-- MATERIAL FOR THE TASK follows --

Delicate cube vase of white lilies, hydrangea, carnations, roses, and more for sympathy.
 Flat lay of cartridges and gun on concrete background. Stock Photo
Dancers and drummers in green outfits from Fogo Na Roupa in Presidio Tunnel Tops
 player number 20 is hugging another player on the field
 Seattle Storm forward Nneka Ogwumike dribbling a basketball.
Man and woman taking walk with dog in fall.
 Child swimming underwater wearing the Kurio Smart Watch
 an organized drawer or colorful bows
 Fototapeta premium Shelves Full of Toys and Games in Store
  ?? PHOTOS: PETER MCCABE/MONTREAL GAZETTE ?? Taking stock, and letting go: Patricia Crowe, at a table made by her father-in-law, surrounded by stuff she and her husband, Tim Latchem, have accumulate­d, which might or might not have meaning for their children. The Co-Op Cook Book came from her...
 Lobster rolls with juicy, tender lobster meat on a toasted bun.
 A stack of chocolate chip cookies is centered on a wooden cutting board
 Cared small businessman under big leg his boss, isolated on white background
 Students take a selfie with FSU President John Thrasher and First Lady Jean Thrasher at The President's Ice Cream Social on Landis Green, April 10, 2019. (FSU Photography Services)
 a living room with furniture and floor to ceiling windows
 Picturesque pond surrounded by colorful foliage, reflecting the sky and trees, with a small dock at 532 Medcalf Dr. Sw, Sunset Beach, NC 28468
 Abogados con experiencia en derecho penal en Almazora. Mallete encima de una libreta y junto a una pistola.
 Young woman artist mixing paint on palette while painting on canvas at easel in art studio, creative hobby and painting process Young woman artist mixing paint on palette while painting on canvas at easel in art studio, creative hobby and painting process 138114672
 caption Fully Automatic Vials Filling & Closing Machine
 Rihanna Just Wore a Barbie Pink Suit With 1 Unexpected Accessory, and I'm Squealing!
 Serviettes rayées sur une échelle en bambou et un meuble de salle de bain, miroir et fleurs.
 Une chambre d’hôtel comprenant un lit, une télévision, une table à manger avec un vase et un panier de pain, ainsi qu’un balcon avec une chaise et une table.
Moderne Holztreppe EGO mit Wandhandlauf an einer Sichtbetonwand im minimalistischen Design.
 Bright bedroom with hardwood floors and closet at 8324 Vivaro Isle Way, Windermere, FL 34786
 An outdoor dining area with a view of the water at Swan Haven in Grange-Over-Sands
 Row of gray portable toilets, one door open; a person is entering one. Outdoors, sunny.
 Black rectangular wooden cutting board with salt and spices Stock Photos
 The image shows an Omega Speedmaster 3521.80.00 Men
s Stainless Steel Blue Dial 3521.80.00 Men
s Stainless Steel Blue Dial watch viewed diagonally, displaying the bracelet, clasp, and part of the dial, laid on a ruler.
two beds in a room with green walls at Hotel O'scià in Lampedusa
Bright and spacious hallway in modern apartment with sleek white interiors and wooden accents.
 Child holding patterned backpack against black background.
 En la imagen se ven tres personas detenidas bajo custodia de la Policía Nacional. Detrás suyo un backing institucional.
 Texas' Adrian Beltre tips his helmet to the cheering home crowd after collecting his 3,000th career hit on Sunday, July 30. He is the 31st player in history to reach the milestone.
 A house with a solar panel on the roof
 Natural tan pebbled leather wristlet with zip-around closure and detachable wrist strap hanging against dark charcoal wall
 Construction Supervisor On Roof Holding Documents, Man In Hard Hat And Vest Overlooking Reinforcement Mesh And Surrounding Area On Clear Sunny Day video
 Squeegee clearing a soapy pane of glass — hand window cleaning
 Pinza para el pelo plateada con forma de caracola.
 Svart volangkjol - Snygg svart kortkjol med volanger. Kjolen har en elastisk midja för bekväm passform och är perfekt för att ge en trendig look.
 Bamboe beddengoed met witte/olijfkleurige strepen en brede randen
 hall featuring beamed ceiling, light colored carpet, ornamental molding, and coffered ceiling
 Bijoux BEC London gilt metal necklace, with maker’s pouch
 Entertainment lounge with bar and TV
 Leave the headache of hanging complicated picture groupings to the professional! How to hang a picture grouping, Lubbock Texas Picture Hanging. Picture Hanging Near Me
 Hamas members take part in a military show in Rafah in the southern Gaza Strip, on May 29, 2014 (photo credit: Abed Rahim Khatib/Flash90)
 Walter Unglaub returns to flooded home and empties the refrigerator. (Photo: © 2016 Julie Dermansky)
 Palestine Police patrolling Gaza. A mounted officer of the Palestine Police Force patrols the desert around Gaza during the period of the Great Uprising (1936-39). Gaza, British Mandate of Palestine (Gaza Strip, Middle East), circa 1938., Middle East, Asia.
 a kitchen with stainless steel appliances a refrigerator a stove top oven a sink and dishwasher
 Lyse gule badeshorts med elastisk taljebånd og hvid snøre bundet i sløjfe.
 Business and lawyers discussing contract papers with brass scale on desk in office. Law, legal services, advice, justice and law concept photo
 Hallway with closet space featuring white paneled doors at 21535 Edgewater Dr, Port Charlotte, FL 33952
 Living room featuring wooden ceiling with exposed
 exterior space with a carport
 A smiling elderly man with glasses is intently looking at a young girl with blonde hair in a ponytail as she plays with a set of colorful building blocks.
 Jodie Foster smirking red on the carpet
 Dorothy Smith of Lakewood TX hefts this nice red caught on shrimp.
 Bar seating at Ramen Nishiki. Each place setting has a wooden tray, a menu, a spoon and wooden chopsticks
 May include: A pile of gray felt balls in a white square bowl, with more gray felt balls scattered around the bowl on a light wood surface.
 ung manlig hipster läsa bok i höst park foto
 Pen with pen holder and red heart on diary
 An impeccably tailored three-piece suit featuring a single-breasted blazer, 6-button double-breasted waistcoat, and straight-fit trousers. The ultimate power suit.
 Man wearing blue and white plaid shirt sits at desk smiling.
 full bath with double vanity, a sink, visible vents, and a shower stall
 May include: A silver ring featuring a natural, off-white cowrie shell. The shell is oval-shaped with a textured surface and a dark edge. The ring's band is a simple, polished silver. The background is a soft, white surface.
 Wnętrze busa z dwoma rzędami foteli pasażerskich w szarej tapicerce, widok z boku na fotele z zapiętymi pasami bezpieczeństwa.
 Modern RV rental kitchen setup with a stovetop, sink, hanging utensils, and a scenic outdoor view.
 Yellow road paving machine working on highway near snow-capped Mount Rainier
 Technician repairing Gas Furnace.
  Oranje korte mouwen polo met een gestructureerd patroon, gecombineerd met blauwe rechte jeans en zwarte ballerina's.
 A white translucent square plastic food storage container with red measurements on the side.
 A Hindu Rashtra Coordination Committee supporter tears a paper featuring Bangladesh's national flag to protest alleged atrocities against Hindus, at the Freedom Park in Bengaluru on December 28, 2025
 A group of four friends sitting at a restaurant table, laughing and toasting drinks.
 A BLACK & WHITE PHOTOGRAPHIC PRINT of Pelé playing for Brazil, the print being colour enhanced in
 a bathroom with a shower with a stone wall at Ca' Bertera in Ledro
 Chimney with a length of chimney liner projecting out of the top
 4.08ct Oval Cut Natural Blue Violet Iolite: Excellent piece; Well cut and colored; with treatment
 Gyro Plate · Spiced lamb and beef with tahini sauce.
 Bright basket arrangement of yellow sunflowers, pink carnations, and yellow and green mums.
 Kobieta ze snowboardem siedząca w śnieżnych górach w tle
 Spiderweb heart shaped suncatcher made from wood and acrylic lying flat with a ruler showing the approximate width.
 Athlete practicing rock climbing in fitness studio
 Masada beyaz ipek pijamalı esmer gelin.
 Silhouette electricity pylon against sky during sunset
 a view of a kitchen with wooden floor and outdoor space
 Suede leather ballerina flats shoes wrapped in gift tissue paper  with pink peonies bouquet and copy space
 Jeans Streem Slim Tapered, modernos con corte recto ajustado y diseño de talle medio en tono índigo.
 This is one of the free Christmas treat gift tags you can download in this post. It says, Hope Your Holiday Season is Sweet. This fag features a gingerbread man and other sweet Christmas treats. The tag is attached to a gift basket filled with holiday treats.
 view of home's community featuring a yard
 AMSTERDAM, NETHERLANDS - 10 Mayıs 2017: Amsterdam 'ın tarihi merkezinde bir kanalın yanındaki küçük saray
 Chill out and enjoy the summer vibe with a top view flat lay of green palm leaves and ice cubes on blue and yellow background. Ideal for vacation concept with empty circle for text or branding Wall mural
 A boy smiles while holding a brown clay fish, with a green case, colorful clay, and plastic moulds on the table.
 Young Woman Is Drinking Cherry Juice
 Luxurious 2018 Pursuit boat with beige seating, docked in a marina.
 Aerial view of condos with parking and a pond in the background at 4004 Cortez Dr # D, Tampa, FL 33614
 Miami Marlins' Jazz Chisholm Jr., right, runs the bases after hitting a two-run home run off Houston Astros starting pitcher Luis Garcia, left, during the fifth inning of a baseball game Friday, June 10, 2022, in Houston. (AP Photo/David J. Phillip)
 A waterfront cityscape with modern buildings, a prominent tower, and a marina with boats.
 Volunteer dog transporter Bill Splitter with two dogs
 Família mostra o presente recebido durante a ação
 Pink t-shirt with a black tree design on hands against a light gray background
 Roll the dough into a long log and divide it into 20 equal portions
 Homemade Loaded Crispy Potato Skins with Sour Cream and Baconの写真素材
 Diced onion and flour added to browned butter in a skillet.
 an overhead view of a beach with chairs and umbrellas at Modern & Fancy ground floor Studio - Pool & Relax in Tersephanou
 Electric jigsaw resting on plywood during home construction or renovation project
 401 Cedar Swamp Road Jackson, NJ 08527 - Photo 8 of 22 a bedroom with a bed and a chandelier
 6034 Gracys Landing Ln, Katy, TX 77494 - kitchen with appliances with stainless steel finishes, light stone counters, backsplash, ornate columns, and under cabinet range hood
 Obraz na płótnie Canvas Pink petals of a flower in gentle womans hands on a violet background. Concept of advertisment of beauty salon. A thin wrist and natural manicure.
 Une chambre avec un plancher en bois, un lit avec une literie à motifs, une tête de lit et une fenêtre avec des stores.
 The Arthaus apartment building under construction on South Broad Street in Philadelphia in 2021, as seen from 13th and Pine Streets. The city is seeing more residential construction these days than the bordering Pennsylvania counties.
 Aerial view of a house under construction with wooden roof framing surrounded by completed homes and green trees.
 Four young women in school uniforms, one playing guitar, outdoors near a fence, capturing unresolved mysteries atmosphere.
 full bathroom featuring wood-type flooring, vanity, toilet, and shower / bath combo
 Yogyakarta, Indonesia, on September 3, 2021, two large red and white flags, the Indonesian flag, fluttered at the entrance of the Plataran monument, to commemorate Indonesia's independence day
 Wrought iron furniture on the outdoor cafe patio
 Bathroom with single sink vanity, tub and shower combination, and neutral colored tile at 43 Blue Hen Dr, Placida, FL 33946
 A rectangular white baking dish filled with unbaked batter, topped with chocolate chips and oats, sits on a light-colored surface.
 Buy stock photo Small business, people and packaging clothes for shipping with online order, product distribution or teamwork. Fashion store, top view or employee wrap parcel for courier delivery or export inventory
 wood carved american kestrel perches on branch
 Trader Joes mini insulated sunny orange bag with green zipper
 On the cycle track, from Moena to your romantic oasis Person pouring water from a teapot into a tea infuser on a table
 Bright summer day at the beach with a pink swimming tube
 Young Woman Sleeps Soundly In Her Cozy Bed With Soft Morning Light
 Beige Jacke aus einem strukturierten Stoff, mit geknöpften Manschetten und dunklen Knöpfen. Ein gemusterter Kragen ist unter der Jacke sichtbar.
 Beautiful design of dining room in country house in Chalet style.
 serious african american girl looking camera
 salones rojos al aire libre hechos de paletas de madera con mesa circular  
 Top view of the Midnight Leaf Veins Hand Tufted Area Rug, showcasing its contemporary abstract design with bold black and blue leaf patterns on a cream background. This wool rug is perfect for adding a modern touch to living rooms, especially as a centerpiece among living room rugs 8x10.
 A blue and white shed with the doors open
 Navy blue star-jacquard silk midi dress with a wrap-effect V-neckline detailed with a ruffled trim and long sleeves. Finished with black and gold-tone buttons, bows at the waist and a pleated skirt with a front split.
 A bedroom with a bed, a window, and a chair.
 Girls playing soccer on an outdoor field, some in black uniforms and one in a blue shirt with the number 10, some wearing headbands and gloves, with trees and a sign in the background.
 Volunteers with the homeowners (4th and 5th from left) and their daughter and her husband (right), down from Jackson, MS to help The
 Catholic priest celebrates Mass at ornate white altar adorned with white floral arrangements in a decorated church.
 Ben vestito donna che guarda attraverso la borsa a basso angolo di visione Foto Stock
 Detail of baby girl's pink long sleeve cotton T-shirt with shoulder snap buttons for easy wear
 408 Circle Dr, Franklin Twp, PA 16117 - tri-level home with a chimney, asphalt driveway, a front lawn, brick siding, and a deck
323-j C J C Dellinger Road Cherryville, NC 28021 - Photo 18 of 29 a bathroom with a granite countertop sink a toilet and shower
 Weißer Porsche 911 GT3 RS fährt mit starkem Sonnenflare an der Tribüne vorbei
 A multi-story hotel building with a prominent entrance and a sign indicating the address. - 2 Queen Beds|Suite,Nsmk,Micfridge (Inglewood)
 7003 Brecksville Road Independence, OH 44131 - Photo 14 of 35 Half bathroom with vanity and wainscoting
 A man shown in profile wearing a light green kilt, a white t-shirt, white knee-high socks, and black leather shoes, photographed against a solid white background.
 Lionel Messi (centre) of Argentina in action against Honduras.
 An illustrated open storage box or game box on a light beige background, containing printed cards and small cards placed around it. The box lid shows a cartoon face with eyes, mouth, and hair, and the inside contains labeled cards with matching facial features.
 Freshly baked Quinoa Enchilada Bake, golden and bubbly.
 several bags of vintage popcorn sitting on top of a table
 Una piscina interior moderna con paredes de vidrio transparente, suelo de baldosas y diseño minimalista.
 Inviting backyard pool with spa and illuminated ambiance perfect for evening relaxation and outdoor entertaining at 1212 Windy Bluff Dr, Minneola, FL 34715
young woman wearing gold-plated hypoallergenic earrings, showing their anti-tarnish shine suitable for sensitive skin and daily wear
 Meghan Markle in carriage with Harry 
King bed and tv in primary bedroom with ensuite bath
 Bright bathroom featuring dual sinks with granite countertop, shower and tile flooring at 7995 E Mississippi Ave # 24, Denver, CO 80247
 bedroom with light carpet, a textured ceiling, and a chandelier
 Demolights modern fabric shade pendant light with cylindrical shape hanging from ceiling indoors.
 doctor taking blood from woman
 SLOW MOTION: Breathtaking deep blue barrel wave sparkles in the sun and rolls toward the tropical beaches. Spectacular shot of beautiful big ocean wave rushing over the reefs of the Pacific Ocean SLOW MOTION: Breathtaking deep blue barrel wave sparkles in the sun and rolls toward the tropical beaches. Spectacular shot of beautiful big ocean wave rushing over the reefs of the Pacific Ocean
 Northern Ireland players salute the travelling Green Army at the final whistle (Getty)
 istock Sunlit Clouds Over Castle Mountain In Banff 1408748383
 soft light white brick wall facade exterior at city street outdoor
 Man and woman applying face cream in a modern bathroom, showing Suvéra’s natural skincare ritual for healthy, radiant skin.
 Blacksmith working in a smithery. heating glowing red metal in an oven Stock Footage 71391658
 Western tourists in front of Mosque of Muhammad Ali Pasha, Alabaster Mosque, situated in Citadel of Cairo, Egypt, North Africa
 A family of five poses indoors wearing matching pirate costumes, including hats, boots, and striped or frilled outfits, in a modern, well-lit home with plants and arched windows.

-- MATERIAL FOR THE TASK concluded --

EXERCISE
Keep both end lines and retype everything in the records above from the line containing "AMSTERDAM, NETHERLANDS - 10" through the line containing "A boy smiles", exactly, with nothing else.

RESULT FOR THIS TASK
 AMSTERDAM, NETHERLANDS - 10 Mayıs 2017: Amsterdam 'ın tarihi merkezinde bir kanalın yanındaki küçük saray
 Chill out and enjoy the summer vibe with a top view flat lay of green palm leaves and ice cubes on blue and yellow background. Ideal for vacation concept with empty circle for text or branding Wall mural
 A boy smiles while holding a brown clay fish, with a green case, colorful clay, and plastic moulds on the table.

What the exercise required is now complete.